WHAT THE EXERCISE ASKS:
Quote the material below exactly as written, from the first line to the line that holds "Фото Поліклиновий ремінь", endpoints included.

DATA EXCERPTS:

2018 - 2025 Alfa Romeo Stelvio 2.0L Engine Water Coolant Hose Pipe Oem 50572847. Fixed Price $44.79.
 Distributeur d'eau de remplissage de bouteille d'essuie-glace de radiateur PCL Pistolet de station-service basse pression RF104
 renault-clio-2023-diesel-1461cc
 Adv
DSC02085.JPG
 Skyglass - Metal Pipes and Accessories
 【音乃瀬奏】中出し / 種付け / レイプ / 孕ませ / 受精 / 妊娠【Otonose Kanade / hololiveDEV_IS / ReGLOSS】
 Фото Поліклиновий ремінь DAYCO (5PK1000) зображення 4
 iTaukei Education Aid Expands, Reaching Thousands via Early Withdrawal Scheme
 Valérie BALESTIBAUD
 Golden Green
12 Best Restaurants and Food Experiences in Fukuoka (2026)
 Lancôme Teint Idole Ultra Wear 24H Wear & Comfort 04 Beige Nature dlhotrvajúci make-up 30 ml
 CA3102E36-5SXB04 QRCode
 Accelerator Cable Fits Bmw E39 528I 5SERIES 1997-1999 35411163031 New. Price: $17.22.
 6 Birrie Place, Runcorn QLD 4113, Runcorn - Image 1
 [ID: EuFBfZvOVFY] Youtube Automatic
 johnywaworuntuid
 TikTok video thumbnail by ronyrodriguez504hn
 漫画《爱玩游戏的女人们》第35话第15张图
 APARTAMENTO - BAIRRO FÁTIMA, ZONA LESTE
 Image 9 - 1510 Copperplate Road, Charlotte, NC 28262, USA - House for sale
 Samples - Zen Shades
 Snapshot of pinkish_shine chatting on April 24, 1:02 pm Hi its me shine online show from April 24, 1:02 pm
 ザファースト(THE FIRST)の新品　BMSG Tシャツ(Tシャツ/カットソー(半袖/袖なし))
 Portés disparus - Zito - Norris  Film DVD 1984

ANSWER BOX:
2018 - 2025 Alfa Romeo Stelvio 2.0L Engine Water Coolant Hose Pipe Oem 50572847. Fixed Price $44.79.
 Distributeur d'eau de remplissage de bouteille d'essuie-glace de radiateur PCL Pistolet de station-service basse pression RF104
 renault-clio-2023-diesel-1461cc
 Adv
DSC02085.JPG
 Skyglass - Metal Pipes and Accessories
 【音乃瀬奏】中出し / 種付け / レイプ / 孕ませ / 受精 / 妊娠【Otonose Kanade / hololiveDEV_IS / ReGLOSS】
 Фото Поліклиновий ремінь DAYCO (5PK1000) зображення 4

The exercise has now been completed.